Iapprox = rescale(Iapprox);
Iapprox = im2uint8(Iapprox);
imshow(Iapprox)
title("Denoised Image Obtained Using Multiscale CAN")

Visual Comparison

To get a better visual understanding of the denoised images, examine a small region inside each image. Specify a region of interest (ROI) using vector roi in the format [x y width height]. The elements define the x- and y-coordinate of the top left corner, and the width and height of the ROI.

roi = [300 30 50 50];

Crop the images to this ROI, and display the result as a montage. The CAN removes more noise than conventional bilateral filtering. Both techniques preserve edge sharpness.

montage({imcrop(Ireference,roi),imcrop(Inoisy,roi), ...
    imcrop(Ibilat,roi),imcrop(Iapprox,roi)}, ...
    Size=[1 4]);
title("Reference Image | Noisy Image | Bilateral-Filtered Image | CAN Prediction");

Quantitative Comparison

Use image quality metrics to quantitatively compare the noisy input image, the bilateral-filtered image, and the operator-approximated image. The reference image is the original reference image, Ireference, before adding noise.

Measure the peak signal-to-noise ratio (PSNR) of each image against the reference image. Larger PSNR values generally indicate better image quality. See psnr for more information about this metric.

noisyPSNR = psnr(Inoisy,Ireference);
bilatPSNR = psnr(Ibilat,Ireference);
approxPSNR = psnr(Iapprox,Ireference);
PSNR_Score = [noisyPSNR bilatPSNR approxPSNR]';

Measure the structural similarity index (SSIM) of each image. SSIM assesses the visual impact of three characteristics of an image: luminance, contrast and structure, against a reference image. The closer the SSIM value is to 1, the better the test image agrees with the reference image. See ssim for more information about this metric.
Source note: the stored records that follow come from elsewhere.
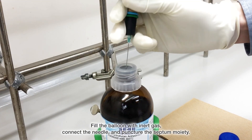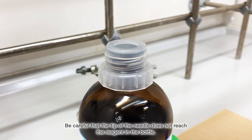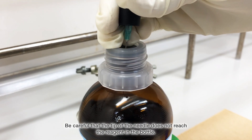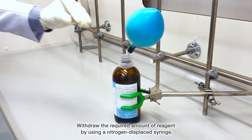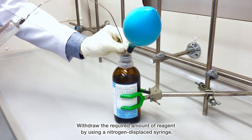Fill the balloon with inert gas, connect the needle, and puncture the septum. Be careful that the tip of the needle does not reach the reagent in the bottle. Withdraw the required amount of reagent using a nitrogen-displaced syringe.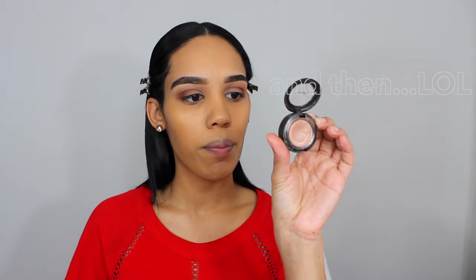I go in with Saddle from MAC and just focus it mainly towards the bottom half of my crease, basically just deepening up my crease a little bit more. Then I go in with Foley from MAC at the outer corner of my eye, just adding a little more depth and bringing it in just a tad. Using the same blending brush, I just blend out with no extra product.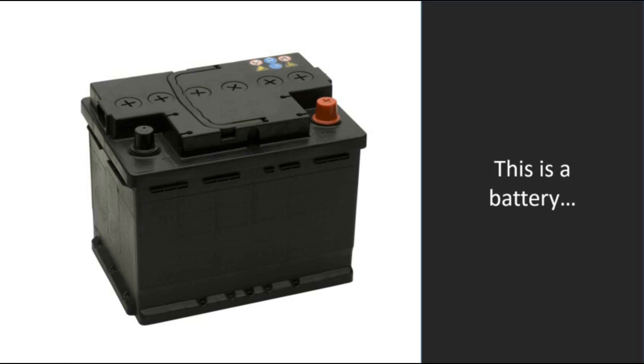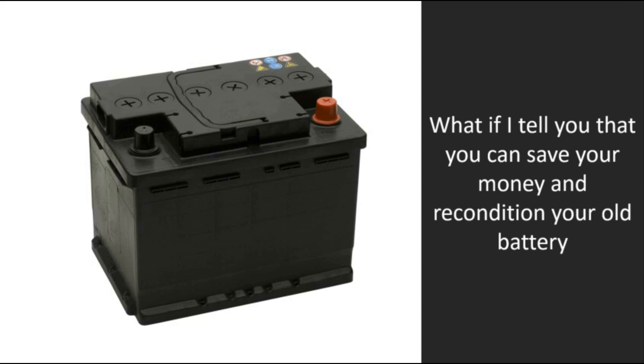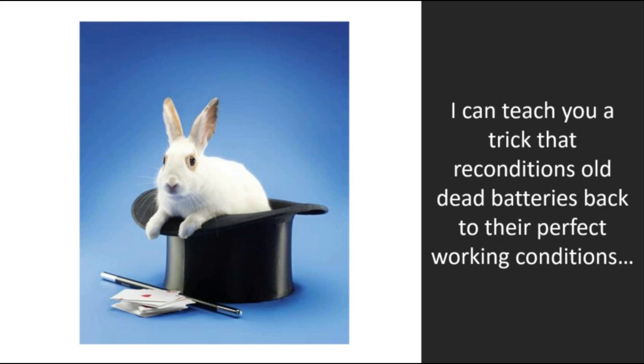This is a battery. You're probably here because you want to buy a reconditioned battery. What if I tell you that you can save your money and recondition your old battery? That's right — you can get your old dead battery to work just like it was new, and you can do it all by yourself.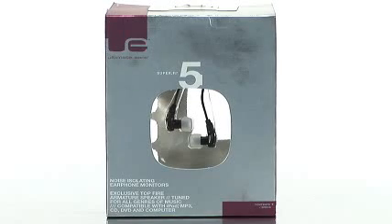Hi, my name is Brittany, and I'm a product specialist with Buy.com, and today I'm talking about the Ultimate Ears Super 5-5 noise-canceling earphones.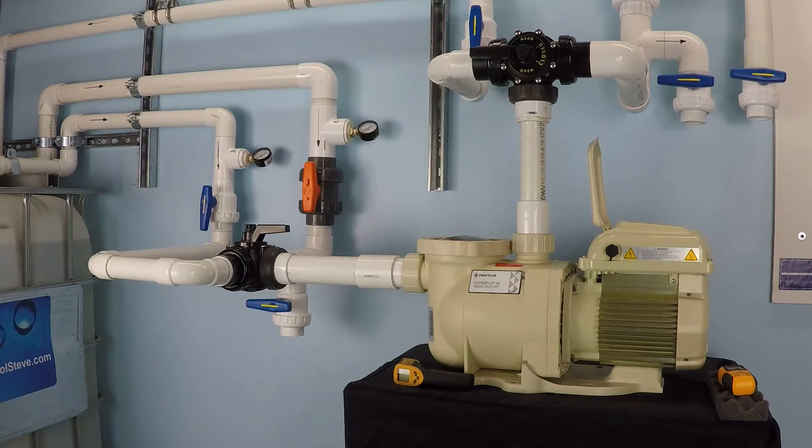What we're going to look at is how much it costs to run this pump — specifically, what would it cost to run this pump for one hour. We're going to ramp up the RPM to maximum RPM, 3,450, and look at the real-time electrical consumption under those conditions.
noisySSIM = ssim(Inoisy,Ireference);
bilatSSIM = ssim(Ibilat,Ireference);
approxSSIM = ssim(Iapprox,Ireference);
SSIM_Score = [noisySSIM bilatSSIM approxSSIM]';

Measure perceptual image quality using the Naturalness Image Quality Evaluator (NIQE). Smaller NIQE scores indicate better perceptual quality. See niqe for more information about this metric.

noisyNIQE = niqe(Inoisy);
bilatNIQE = niqe(Ibilat);
approxNIQE = niqe(Iapprox);
NIQE_Score = [noisyNIQE bilatNIQE approxNIQE]';

Display the metrics in a table.

table(PSNR_Score,SSIM_Score,NIQE_Score, ...
    RowNames=["Noisy Image","Bilateral Filtering","Operator Approximation"])

ans=3×3 table
                              PSNR_Score    SSIM_Score    NIQE_Score
                              __________    __________    __________

    Noisy Image                 20.276       0.76228        11.574  
    Bilateral Filtering         25.753       0.91534         6.924  
    Operator Approximation      26.173       0.92976        5.8165

References

[1] Chen, Q. J. Xu, and V. Koltun. "Fast Image Processing with Fully-Convolutional Networks." In Proceedings of the 2017 IEEE Conference on Computer Vision. Venice, Italy, Oct. 2017, pp. 2516-2525.

[2] Grubinger, M., P. Clough, H. Müller, and T. Deselaers. "The IAPR TC-12 Benchmark: A New Evaluation Resource for Visual Information Systems." Proceedings of the OntoImage 2006 Language Resources For Content-Based Image Retrieval. Genoa, Italy. Vol. 5, May 2006, p. 10.